Notice that "right skewed" means the long tail is to the right (this is often the opposite of a beginner's intuition about what the term should mean).

The problem comes when this seemingly clear but actually vague notion is quantified. There are numerous quantities that have been called "skewness". By far the most popular is the standardized third moment (or, equivalently, the standardized third cumulant) - so much so that it is frequently called "the" skewness. Equivalent sample statistics are used for samples.

Now for a distribution like the one above, this quantity is positive (when it exists). If you flip that density shape left to right, the skewness measure is negative. Importantly, when the density is symmetric and the first three moments exist, the skewness is 0. So far so good - left and right skewness and symmetry in pictures generally correspond to negative, positive and zero quantities on the measurement.

However, the problem comes when interpreting a standardized third moment back in terms of the density.

A positive number will lead people to call the distribution "right skew" without looking at it. A number near zero will cause people to call the distribution "symmetric". In the first case, the distribution will be asymmetric but it may not appear to be skewed with a tail to the right. And the value can be exactly zero without the distribution being symmetric. While symmetry implies zero third moment (if it exists), the implication does not go back the other way.

Consider a fair six-sided die with the following labels on its faces: 0, 0, 5, 5, 5, 9. The distribution of outcomes is not symmetric, yet its "skewness" measure is zero. Unfortunately, based only on the information that the third central moment was zero, many people would in fact describe it as symmetric.[Added later: here's one that most people would say on inspection was "right skew" - an ordinary die labelled 0, 0, 5, 5, 7, 10. But the third central moment is zero.]

Other examples, both continuous and discrete, abound. Continuous asymmetric distributions exist for which all odd central moments are zero.

Other measures of skewness (and there have been many) also have their problems, though some are very useful.
The sort of problem described here is essentially unavoidable - there are so many ways a distribution may be asymmetric that a single measure of asymmetry cannot possibly suffice, except perhaps within the framework of a particular family of distributions.

This cautionary tale is not an argument against using measures like the third central moment to attempt to capture something of deviations from symmetry - it's an argument against investing them with more than the limited meaning than they posses.


Anne M. Archibald said...

Continuous asymmetric distributions exist for which all odd central moments are zero.

Really? I thought that the moments were like Taylor coefficients, sufficient to reassemble the PDF. Do you have an example, or a link to a paper with one?

Efrique said...

It is not the case that you can always go from moments to a distribution, even when all moments exist.

Kendall and Stuart, Advanced Theory of Statistics 2nd Edition, Vol 1 has an example (it would also be in 3rd edition, it might be in 4th Edition).

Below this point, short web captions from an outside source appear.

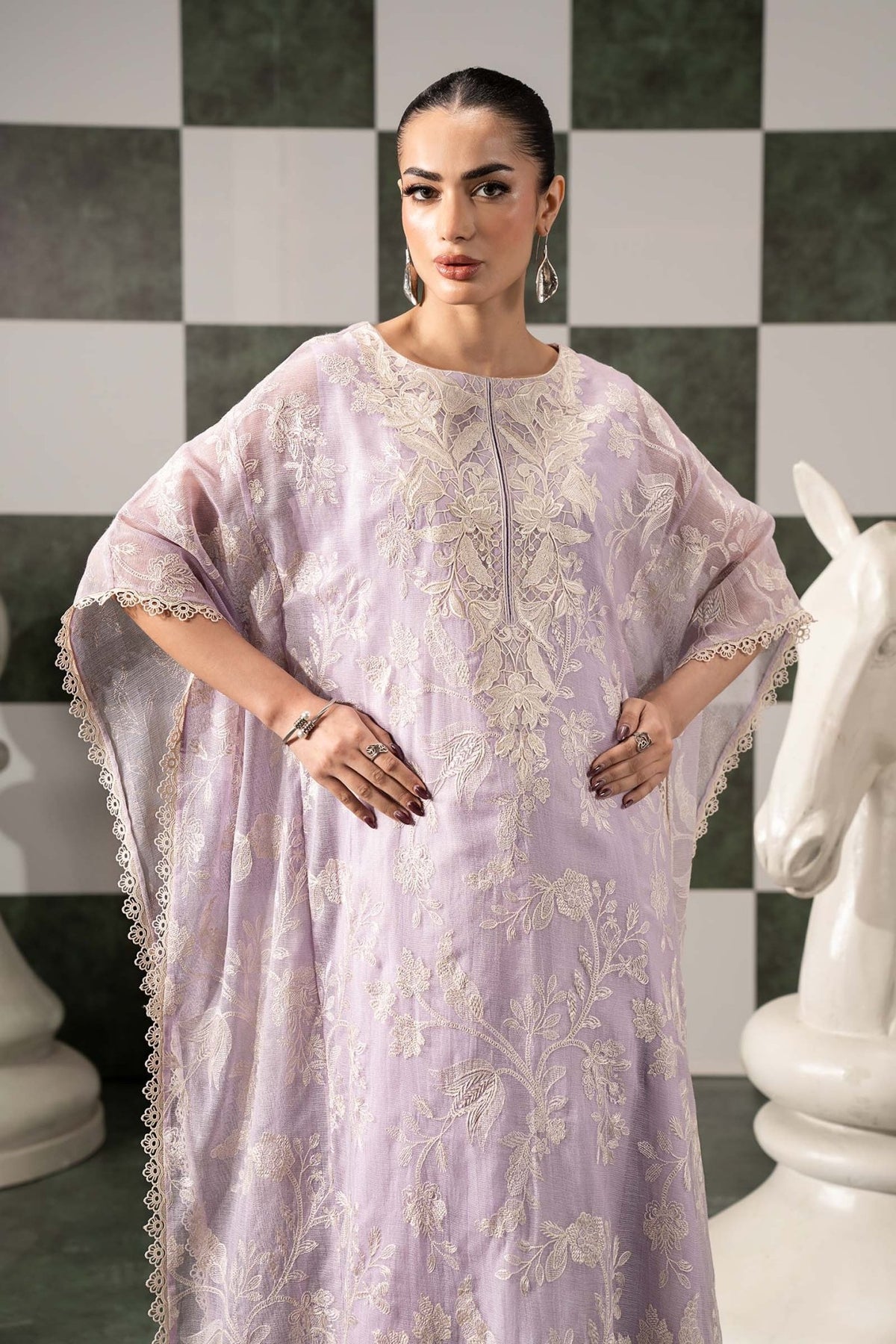 Maria B | RTW | 3 Piece Embroidered Cotton Net Suit-Brand:Maria B-Type:Luxury Pret-Purple - House of Maryam- Buy in UK, USA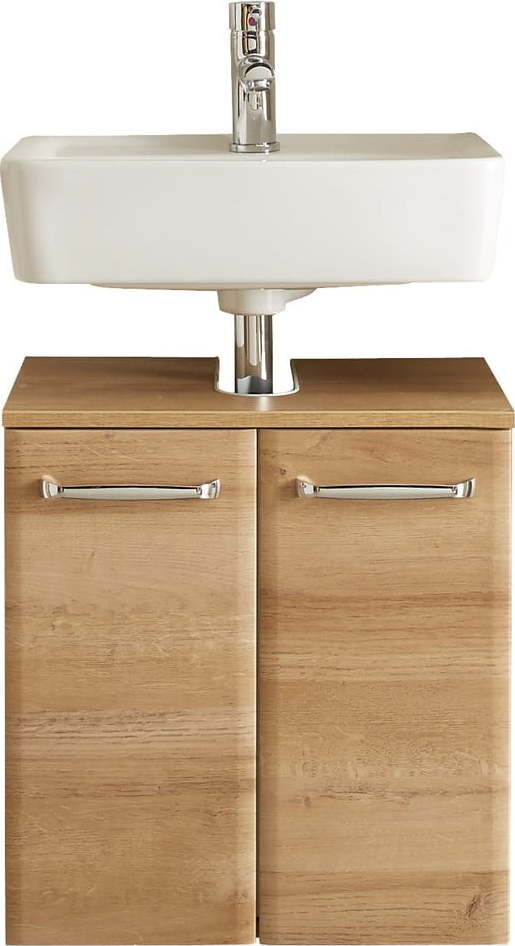 Závěsná skříňka bez umyvadla v dekoru dubu v přírodní barvě 53x60 cm Quickset 318 – Pelipal Pelipal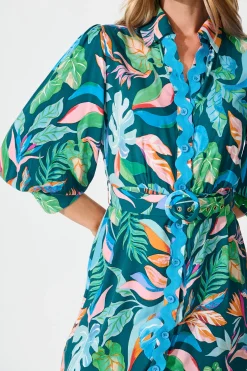 New Amico Dress in Teal with Multi Leaf Print Dresses|Casual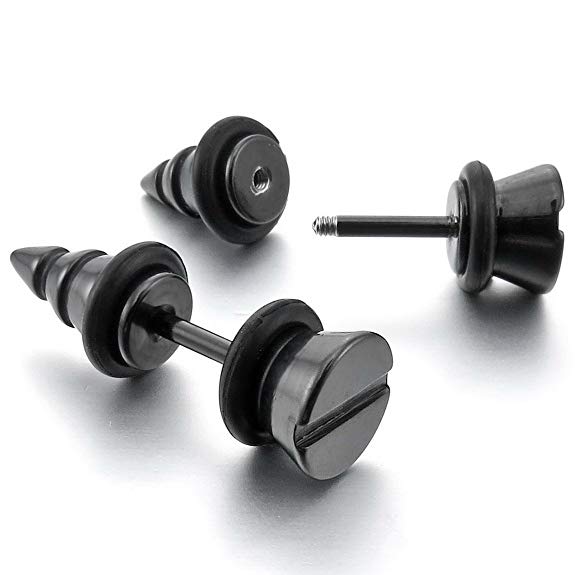 INBLUE Men's Stainless Steel Stud Earrings Rubber Silver Gold Tone Black Screw Spike Plug Tapers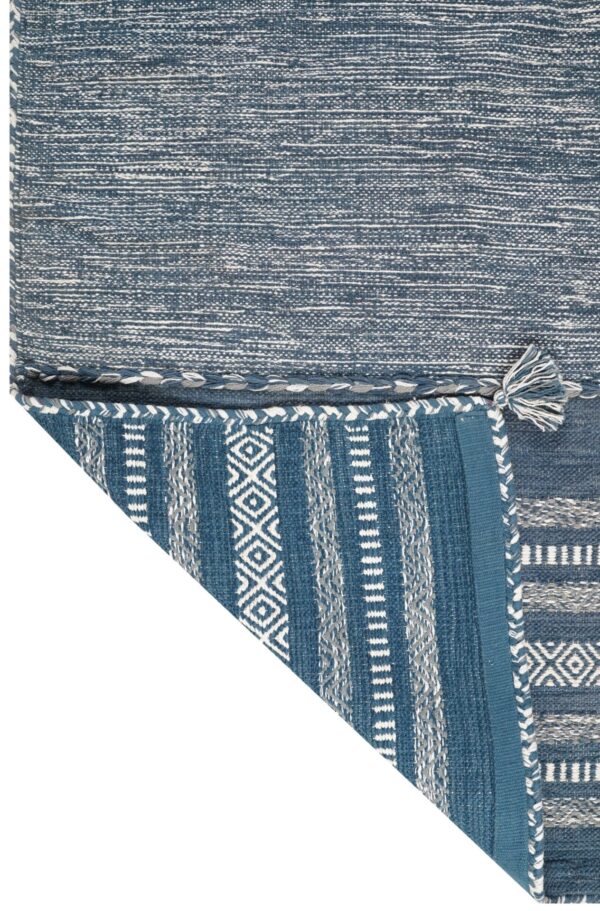 Indigo Horizon Hand Woven Cotton Rug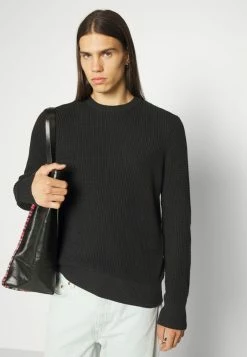 Rag & Bone DEXTER WAFFLE CREW - Jumper - Black -rag & bone Shop 7c0b0f63d7c946f5b63963bf22cc322e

See Example 3.12, p91, which gives a family of distributions on [0,∞) that depend on a parameter λ, but whose moment sequences are all the same (the moments exits but do not depend on λ).

Consequently, if one were to take random variables X1 and X2, from that family (based on two different values of λ), and construct a new random variable Y which is an equal mixture of X1 and -X2, it will have an asymmetric distribution on (-∞, ∞) whose odd moments are all zero.

Further, see exercise 6.21 on p179 in the same volume, which establishes that the lognormal distribution is not uniquely determined by its moments.

[I seem to vaguely recall that there might also be something on this issue in Romano and Siegel's book "Counterexamples in Probability and Statistics", but I can't be sure, not having a copy to hand.]

So, anyway, a given sequence of moments is not necessarily unique to a distribution - two different distributions may share a moment sequence.

What's going on? There is a one-to-one correspondence between characteristic functions and distribution functions, but even when moments of all orders exist, the MGF may not exist.

[If the MGF exists, you can generally invert the transform to obtain the distribution - note the connection between MGFs and Laplace transforms, and so existence issues correspond: the same kind of underlying connection exists between characteristic functions and Fourier transforms - the characteristic function of X is the Fourier transform of the density of -X.]